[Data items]
___

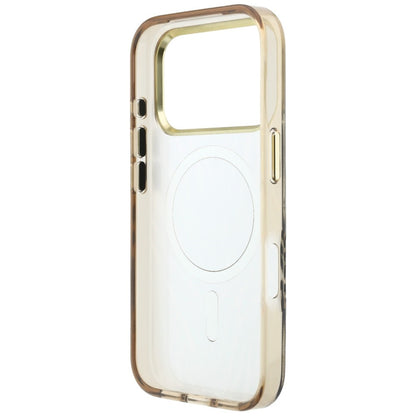 MagSafe-deksel for Apple iPhone 18 Pro / 17 Pro, Guess, Zebra Glitter Triangle Logo, Gull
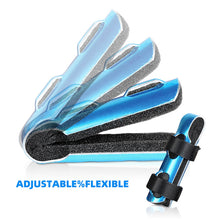 Cargar imagen en el visor de la galería, FERULA PARA DEDO INMOVILIZADOR DE ALUMINIO AJUSTE CON VELCRO TIPO SOMBRILLA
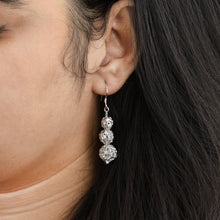 Load image into Gallery viewer, 1.50 CTW Diamond Polki Beaded Dangle Earrings
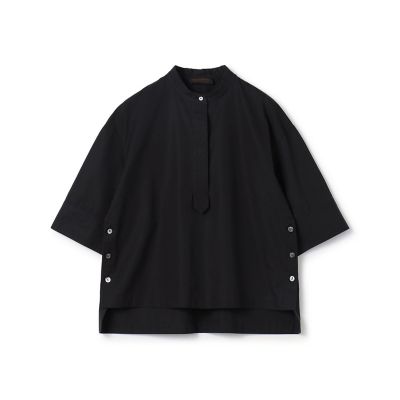＜maison TOMORROWLAND＞コットントロピカル　サイドスリットブラウス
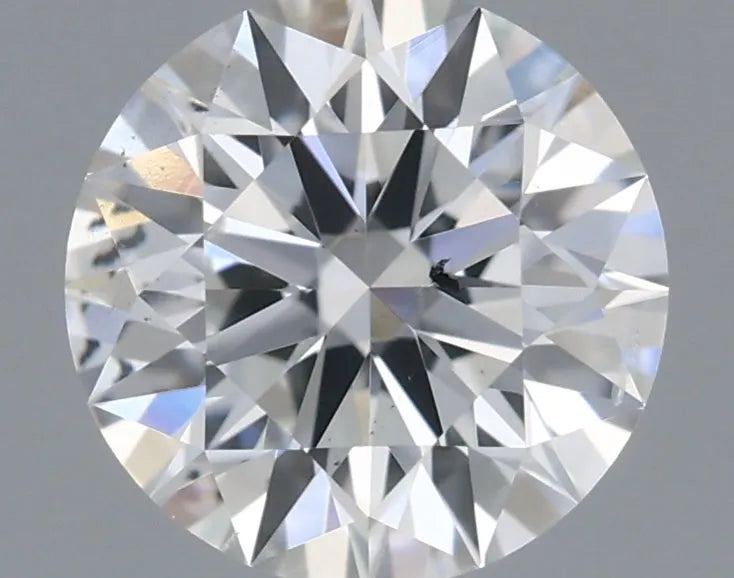 0.61ct Round Natural Diamond (Colour D, Clarity SI1, Cut EX, IGI Certified)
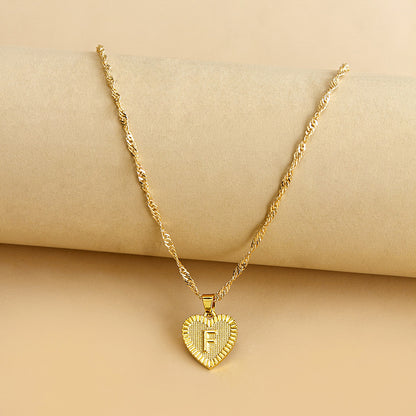 26 English Initial Letter Pendant Necklaces For Women
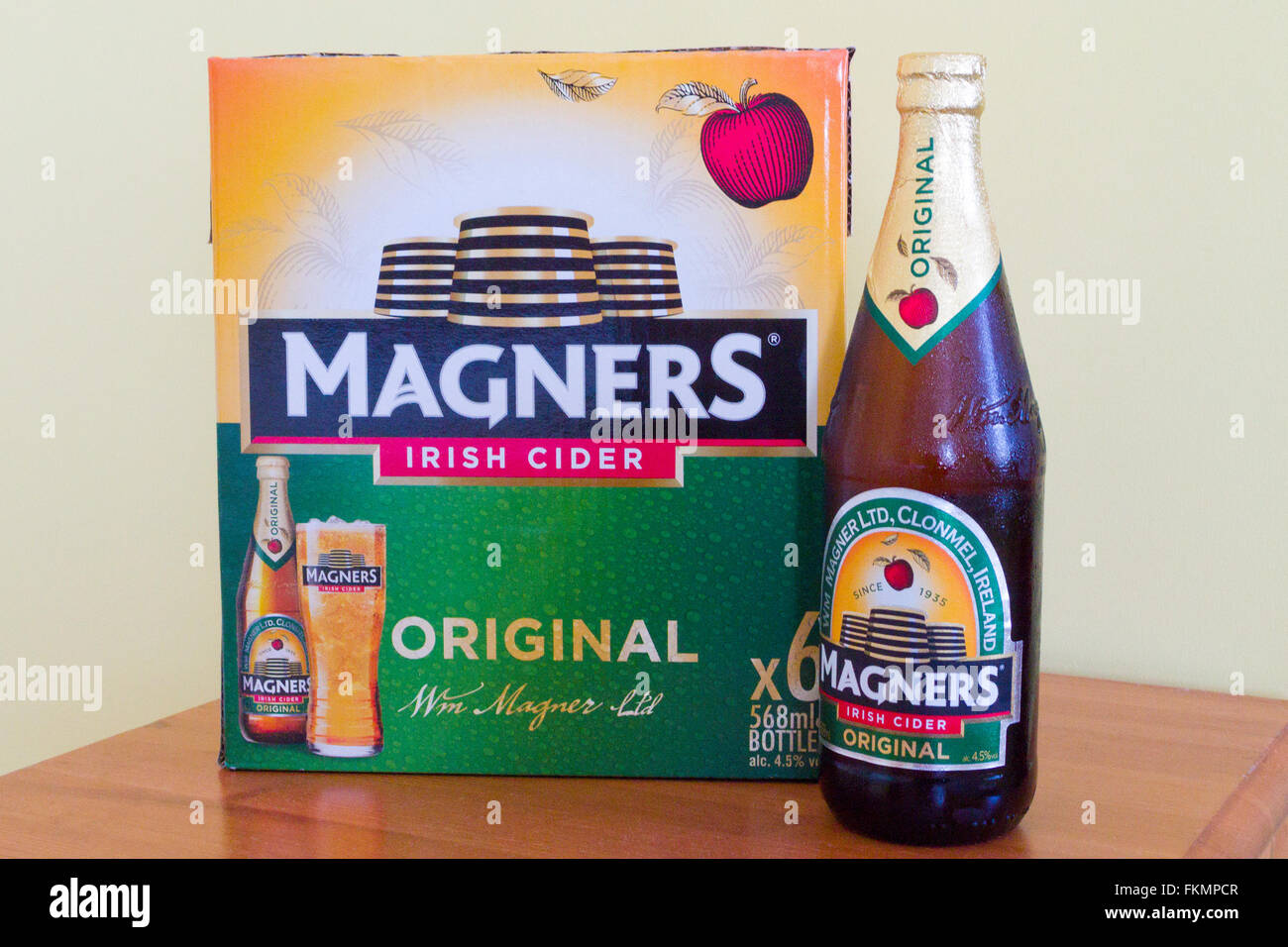 La sidra irlandesa Magners original Foto de stock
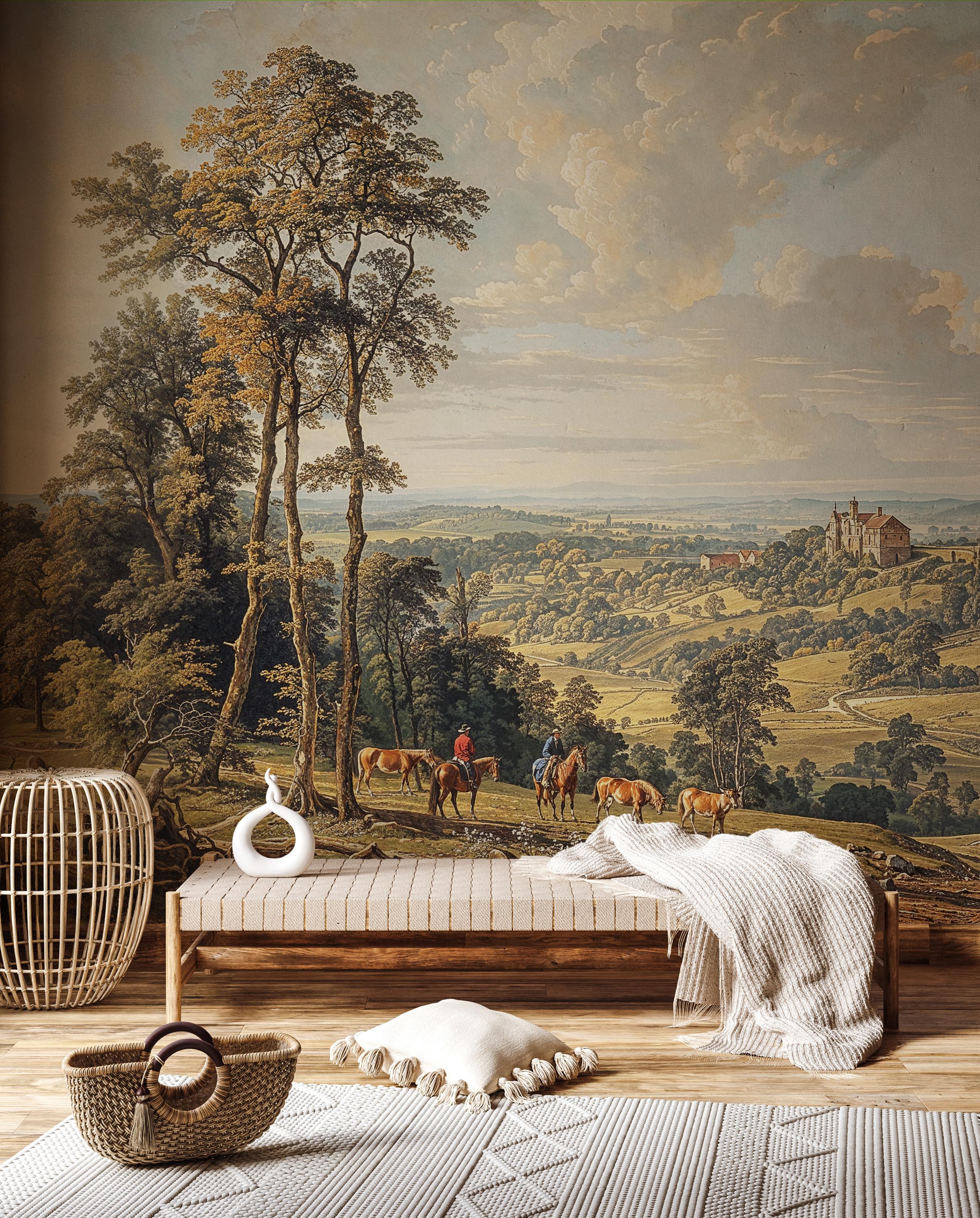 Scene Wallpaper, Scenic Wallpaper Mural, Countryside Wallpaper, Scenic ...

___

### PROBLEM DESCRIPTION:
Retype the lines from the one containing "0.61ct Round Natural" down to the last line of the records, both included, exactly and nothing more. Pictures stay out.

### RESULT OF THIS TASK:
 0.61ct Round Natural Diamond (Colour D, Clarity SI1, Cut EX, IGI Certified)
 26 English Initial Letter Pendant Necklaces For Women
 La sidra irlandesa Magners original Foto de stock
 Scene Wallpaper, Scenic Wallpaper Mural, Countryside Wallpaper, Scenic ...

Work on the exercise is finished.